В харчевне декламируют стихи. Потом посетители харчевни – простые рыбаки и рыбачки, крестьяне и конюхи – в конце представления запевают песню о Джен, написанную Багрицким. Ее подхватывают и поют вместе с исполнителями все посетители «Мебоса».
Давно утеряна поэма «Харчевня» и ее инсценировка, и судьба их неизвестна. Не все слова песенки запомнились правильно теми, кто исполнял их тогда. Только к 70-летию со дня рождения Багрицкого удалось полностью восстановить слова и мелодию этой милой песенки. Она отчетливо заново зазвучала в памяти друзей юности Эдуарда Багрицкого.Песенка о милой Джен (Из инсценировки поэмы «Харчевня»)
Джен говорила: не езжай,
Мой милый, в путь опасный,
Пройдет апрель, наступит май,
И в щебетанье птичьих стай
Воскреснет снова мир прекрасный…
Багрицкий умел радоваться чужим удачам, поэтическим находкам.
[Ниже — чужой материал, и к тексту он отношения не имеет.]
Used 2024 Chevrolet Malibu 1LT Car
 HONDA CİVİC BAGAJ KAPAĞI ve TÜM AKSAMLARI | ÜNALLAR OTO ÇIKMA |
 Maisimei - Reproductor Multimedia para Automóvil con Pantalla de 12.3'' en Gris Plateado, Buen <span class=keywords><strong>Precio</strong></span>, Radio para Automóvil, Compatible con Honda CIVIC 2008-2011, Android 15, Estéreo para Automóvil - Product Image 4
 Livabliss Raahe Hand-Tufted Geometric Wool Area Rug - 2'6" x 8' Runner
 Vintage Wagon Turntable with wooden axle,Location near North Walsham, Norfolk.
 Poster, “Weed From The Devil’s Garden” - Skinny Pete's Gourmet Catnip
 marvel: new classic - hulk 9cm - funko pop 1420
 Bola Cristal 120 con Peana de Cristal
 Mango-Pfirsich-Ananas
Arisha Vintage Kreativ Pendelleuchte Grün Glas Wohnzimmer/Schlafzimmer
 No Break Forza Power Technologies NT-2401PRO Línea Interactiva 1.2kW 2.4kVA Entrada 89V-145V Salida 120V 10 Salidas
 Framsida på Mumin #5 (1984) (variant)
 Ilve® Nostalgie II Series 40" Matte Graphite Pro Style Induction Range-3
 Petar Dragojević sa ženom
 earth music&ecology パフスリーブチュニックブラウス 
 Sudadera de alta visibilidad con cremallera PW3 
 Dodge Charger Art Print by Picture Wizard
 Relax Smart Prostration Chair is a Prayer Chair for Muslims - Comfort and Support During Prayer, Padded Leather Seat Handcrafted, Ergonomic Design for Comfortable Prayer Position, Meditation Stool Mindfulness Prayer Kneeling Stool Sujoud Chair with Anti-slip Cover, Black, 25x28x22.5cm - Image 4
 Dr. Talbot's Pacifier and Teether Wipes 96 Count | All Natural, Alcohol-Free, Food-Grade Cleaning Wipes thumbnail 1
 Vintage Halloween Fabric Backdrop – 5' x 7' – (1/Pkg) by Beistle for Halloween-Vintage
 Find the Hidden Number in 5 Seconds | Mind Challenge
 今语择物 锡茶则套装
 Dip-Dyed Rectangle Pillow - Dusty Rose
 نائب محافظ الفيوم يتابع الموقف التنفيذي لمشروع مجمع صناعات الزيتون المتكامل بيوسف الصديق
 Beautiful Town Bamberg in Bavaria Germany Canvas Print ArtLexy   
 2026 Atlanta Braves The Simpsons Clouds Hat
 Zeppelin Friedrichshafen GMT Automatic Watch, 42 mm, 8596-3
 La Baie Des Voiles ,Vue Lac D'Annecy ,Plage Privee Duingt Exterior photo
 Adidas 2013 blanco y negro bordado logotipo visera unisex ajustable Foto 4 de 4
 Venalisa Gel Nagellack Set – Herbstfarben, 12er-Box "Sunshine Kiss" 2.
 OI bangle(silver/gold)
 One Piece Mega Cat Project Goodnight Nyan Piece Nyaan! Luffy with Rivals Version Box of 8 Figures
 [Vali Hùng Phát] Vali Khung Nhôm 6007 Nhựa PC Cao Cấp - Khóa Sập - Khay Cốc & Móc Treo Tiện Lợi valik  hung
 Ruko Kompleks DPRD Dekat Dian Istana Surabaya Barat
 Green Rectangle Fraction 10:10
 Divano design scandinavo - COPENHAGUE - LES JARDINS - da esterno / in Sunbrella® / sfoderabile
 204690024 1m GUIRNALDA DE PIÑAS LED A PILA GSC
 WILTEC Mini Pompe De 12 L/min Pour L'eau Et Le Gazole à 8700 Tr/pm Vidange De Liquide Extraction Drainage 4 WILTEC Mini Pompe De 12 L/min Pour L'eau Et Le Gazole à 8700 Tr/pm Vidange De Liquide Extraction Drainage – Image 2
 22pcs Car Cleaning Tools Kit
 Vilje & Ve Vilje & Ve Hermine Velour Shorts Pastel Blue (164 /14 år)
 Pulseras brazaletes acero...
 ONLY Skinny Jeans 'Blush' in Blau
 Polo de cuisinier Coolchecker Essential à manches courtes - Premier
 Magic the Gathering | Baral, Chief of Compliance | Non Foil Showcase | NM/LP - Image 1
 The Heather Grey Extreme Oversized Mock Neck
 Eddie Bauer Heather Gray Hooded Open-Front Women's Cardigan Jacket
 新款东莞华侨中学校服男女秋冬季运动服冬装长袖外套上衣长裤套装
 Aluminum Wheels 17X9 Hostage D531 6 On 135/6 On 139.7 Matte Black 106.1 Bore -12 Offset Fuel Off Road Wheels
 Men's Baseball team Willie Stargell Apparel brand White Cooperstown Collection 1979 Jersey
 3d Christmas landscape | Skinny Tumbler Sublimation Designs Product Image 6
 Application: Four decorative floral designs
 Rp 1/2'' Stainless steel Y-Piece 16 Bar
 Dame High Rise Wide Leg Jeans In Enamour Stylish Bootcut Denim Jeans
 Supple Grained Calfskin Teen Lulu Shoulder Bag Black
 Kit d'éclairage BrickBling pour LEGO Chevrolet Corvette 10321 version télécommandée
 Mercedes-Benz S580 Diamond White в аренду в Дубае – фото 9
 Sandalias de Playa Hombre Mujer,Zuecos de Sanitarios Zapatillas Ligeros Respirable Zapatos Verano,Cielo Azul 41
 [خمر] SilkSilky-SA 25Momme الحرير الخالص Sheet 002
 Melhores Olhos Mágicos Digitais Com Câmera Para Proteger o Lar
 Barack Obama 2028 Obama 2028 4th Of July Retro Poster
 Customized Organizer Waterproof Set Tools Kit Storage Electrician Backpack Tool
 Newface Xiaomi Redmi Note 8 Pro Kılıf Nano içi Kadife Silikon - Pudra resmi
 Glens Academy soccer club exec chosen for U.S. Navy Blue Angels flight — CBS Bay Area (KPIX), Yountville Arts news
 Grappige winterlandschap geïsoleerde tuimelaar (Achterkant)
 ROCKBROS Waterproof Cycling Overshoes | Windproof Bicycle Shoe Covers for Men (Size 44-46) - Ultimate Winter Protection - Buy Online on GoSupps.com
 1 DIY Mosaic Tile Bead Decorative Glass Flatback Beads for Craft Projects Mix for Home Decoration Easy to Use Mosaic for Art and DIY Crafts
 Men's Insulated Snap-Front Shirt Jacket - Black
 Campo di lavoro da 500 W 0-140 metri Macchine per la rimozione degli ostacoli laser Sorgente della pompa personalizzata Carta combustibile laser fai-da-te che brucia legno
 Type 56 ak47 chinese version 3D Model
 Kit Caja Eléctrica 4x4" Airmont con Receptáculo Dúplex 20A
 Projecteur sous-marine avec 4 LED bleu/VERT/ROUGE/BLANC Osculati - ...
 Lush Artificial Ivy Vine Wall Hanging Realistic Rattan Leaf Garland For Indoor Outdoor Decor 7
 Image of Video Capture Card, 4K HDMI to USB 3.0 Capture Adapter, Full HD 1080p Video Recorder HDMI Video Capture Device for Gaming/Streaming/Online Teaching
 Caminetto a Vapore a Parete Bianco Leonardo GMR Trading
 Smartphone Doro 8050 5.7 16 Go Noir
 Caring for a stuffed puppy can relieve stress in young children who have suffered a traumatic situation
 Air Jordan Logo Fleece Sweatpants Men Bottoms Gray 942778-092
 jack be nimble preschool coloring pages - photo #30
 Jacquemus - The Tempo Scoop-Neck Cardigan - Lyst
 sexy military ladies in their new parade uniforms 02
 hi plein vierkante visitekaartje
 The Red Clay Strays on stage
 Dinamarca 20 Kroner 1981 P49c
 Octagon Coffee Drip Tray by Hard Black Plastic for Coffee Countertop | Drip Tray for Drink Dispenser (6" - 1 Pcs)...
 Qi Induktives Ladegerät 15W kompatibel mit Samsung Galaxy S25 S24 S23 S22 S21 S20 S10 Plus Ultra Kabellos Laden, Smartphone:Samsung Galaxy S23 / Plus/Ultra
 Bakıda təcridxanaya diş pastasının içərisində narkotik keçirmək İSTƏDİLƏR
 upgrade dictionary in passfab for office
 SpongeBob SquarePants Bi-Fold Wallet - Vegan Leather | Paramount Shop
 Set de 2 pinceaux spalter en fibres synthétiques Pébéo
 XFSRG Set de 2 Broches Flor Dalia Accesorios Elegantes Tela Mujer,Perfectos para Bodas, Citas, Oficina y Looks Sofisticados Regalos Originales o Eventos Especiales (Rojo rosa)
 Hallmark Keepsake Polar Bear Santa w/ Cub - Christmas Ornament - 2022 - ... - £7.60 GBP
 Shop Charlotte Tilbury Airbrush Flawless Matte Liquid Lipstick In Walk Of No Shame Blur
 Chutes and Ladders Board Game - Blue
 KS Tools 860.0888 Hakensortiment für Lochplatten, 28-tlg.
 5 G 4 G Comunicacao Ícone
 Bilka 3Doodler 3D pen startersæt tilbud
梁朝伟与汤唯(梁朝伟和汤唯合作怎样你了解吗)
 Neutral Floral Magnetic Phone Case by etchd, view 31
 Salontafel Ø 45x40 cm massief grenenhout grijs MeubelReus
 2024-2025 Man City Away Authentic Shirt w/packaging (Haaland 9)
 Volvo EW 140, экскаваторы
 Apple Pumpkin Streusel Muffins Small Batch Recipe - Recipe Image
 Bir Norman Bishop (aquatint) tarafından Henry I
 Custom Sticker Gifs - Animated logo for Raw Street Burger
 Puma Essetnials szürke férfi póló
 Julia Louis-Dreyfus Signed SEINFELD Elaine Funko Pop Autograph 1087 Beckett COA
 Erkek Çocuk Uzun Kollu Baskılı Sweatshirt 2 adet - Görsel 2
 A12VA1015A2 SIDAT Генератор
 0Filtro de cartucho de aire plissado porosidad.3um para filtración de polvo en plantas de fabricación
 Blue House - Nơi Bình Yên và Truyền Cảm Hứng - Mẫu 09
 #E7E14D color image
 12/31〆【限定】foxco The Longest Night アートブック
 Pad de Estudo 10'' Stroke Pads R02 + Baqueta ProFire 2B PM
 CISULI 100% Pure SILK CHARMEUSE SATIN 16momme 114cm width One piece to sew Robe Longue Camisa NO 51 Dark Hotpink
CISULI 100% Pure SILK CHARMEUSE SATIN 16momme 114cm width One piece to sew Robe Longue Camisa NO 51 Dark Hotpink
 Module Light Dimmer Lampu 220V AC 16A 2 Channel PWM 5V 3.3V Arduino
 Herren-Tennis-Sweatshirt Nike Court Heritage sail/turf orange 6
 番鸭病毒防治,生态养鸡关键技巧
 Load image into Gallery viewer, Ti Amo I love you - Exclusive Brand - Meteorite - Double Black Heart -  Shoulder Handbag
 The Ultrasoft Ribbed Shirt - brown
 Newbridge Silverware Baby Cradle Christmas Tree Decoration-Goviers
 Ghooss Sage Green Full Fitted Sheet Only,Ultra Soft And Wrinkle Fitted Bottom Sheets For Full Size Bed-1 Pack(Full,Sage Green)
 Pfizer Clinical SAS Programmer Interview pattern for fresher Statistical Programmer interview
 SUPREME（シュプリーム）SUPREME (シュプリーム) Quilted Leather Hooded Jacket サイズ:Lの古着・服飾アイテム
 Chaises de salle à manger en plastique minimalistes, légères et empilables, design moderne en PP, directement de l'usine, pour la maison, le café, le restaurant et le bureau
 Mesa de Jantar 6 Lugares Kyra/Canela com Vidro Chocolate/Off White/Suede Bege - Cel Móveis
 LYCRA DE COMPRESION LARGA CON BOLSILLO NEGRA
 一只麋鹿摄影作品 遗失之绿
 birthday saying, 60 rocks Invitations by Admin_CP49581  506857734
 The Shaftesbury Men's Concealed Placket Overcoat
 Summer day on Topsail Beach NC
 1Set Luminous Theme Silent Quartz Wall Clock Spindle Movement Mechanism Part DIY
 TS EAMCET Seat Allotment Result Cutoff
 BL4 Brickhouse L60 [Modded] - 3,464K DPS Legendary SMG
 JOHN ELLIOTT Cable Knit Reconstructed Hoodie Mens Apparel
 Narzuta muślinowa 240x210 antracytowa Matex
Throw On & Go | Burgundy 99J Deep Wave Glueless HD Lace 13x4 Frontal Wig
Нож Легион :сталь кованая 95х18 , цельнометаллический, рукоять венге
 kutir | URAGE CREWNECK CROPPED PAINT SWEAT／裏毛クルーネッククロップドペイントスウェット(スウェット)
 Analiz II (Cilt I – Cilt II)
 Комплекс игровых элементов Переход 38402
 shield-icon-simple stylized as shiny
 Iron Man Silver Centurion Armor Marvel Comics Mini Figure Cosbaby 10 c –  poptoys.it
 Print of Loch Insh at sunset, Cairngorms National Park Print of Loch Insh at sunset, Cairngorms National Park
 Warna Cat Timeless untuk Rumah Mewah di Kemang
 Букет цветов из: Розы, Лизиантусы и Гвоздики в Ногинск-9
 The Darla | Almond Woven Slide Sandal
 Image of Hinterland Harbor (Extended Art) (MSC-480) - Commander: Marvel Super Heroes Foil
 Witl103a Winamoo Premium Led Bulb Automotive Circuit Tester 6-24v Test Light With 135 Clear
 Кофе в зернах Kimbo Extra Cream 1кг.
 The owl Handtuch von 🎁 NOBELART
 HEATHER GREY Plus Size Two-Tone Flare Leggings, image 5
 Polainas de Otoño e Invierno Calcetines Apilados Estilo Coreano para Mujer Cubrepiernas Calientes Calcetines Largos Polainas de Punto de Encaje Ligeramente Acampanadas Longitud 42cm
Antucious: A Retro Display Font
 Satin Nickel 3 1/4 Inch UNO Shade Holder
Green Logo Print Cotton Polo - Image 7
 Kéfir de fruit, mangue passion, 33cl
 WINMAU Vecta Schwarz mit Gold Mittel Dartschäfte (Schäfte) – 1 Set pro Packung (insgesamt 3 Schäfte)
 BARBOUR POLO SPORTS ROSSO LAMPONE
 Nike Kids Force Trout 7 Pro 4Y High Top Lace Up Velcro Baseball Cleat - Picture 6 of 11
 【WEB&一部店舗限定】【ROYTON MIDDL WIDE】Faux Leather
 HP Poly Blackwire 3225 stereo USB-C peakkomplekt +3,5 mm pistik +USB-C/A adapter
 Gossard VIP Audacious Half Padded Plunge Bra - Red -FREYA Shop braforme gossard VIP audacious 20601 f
Наравне со стихами прославленных поэтов он читал понравившиеся ему стихи тех, кто был рядом с ним, кто только начинал поэтический путь. С восторгом Багрицкий повторял строфы из стихов молодого поэта Эзры Александрова: «И утром зашагавший ряд деревьев, выставивших пики, а на столе стоит снаряд, вода, весна и две гвоздики». И еще: «Но мои пустые глазницы, благословенные предками, зарастут разноцветными птицами и разноцветными ветками». Он читал их вслух, бормотал про себя. Они никогда не были напечатаны, но с голоса Багрицкого запомнились навсегда. Эзра Зусман, писавший под псевдонимом Александров, в 1922 году уехал из России в Палестину. Там он стал писать стихи на иврите. Израильские стихолюбы с восхищением вспоминают, например, филигранные пейзажи его стихотворения «Тверия в дождь». Зусман переводил на иврит русскую поэзию – Ахматову, Пастернака, Багрицкого, Мандельштама.
В 1922 году у Багрицких родился сын Всеволод. Жили они в Одессе в очень большой нищете. Но это казалось как бы само собой разумеющимся. Никто из друзей и знакомых этому не удивлялся, как будто так и должно было быть. Это как-то гармонировало с Багрицким. Жена в этом отношении всецело придерживалась того же беззаботного отношения к бытовой обстановке. На первом плане была еда, для нее могли продать любую вещь. Обстановки, по существу, никакой не было, был поломанный стол, пара стульев и вместо кровати – охапка сена на полу, ребенок рос без пеленок. Все эти материальные лишения переносились очень легко и беззаботно.
Однажды маленький Севка чуть не стал сыном других родителей. Случилось это еще в Одессе. Багрицкие тогда сняли по дешевке антресоли в большой коммунальной квартире. Севе было всего несколько месяцев. Однажды родители ушли, оставив спящего малыша одного. Сева проснулся и стал плакать. Его услышали бездетные супруги. Они поднялись на антресоли и увидели в корзине малыша, лежащего на соломе в каком-то тряпье. Решив, что это подброшенный кем-то ребенок, супруги взяли его к себе. Севку вымыли, завернули в красивое одеяло с кружевами, положили в чистую постель. Вернувшись домой и не найдя в корзине сына, Эдуард и Лида стали его искать по всему дому. Наконец обнаружили у молодоженов, где он лежал, что «тот принц». Ребенка водворили обратно в корзину. Гордый Эдуард приказал снять с него «всю барскую красоту» и завернуть в прежнюю «одежду».